What’s inside: Researchers at the National Autonomous University of Mexico noticed a distinct rise in NLP papers focused on Native American languages over the past five years. They organized all the papers and research tools they could find.
- The researchers found NLP tools for 35 languages.
- North American languages receive the most research attention, despite having fewer speakers on average than those in Mesoamerica and South America.
- Native American tongues offer a diversity of dialects within an individual language. That makes it difficult for NLP models to develop standardized dictionaries and syntaxes.
Behind the news: Language families are linguistic groupings with similar origins and closely related syntax and definitions, such as Indo-European, or Sino-Tibetan. The Americas are home to more than 70 such groups, according to some researchers.
Why it matters: The resources collected on Naki are part of a growing effort to apply NLP to less common languages. The effort poses fundamental research problems. Like other rare tongues, Native American languages suffer from small written datasets — while NLP is very data-hungry — as well as broad variation from speaker to speaker and high complexity. For example, like Mandarin, many languages from Central Mexico shift vocal pitch to give identical words different meanings. NLP could benefit immeasurably by solving these problems.
We’re thinking: While it’s valuable to study rare languages for their own sake, there’s a huge opportunity in giving people who rely on them access to capabilities that much of the world takes for granted: voice recognition, speech to text, automatic translation, and the like. The usual techniques won’t get us there, but working with these languages could lead researchers to the necessary breakthroughs.

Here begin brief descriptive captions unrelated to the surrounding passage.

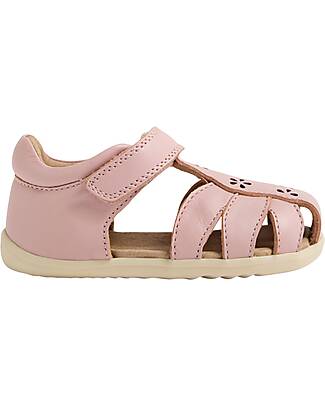 Bobux Sandali Step Up Holly - Ballet Pink - Pelle Premium - Primi Passi Sandali
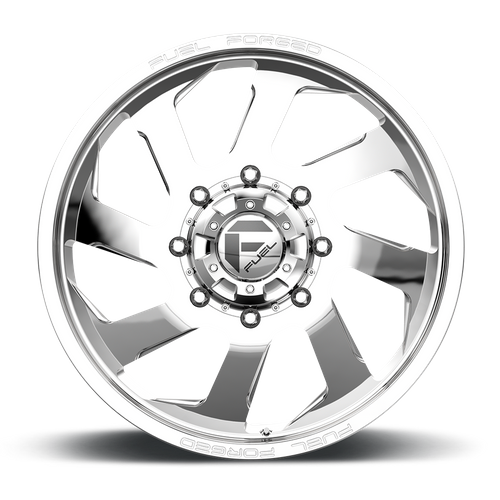 Fuel 1Pc Dd39 Ff39D 22X8.25 +105 Polished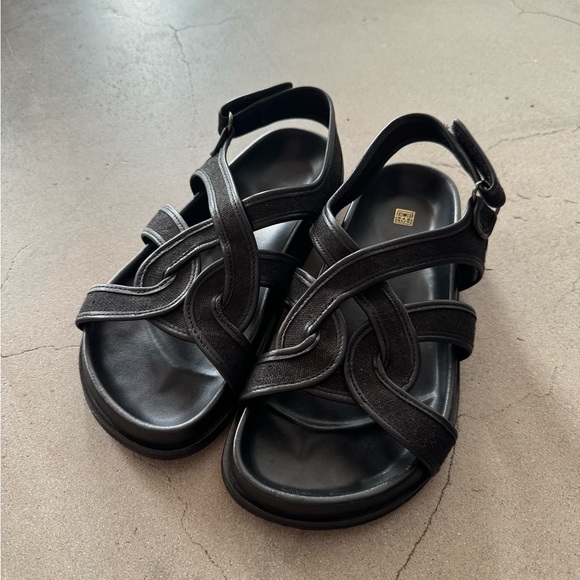 TOTEME chunky sandals - Picture 2 of 6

Two Steps to Better Summaries
Summarizing a document using original words is a longstanding problem for natural language processing. Researchers recently took a step toward human-level performance in this task, known as abstractive summarization, as opposed to extractive summarization consisting of sentences drawn from the input text. “We present a method to produce abstractive summaries of long documents,” their abstract reads — quoting words generated by the model they propose.
What’s new: Rather than generating abstractive summaries directly, researchers from Element AI and Montreal Institute for Learning Algorithms started with an extractive summary that guides the generated language.
Key insight: Providing an extractive summary along with source text can help a pre-trained language model generate a higher-quality abstractive summary.
How it works: Summarization proceeds in two steps: extraction and abstraction.
- The researchers trained a neural network to identify the most important sentences in a document. In essence, they assign a real-valued score to each sentence based on relationships among all sentences (in terms of content and style, for example). The highest-scoring sentences form an extractive summary.
- A GPT-like architecture, trained on ground-truth abstractive summaries, generates an abstractive summary by predicting words in a sequence. The model receives the extractive summary after the source document, so the summary has greater influence over its output.
Results: The authors tested four corpora, all of which include human-written summaries: arXiv (research papers), PubMed (medical research papers), bigPatent (patent documents) and Newsroom (news articles). The authors compared summarization quality using ROUGE scores, which capture the overlap between generated and ground-truth summaries. For three out of the four datasets, the proposed method achieved state-of-the-art summarization quality without copying entire sentences from the input. Extractive summarization models yielded the best ROUGE scores for the Newsroom corpus.
Why it matters: The ability to generate high-quality abstractive summaries could boost worker productivity by replacing long texts with concise synopses.
We’re thinking: Yikes! We hope this doesn’t put The Batch team out of a job.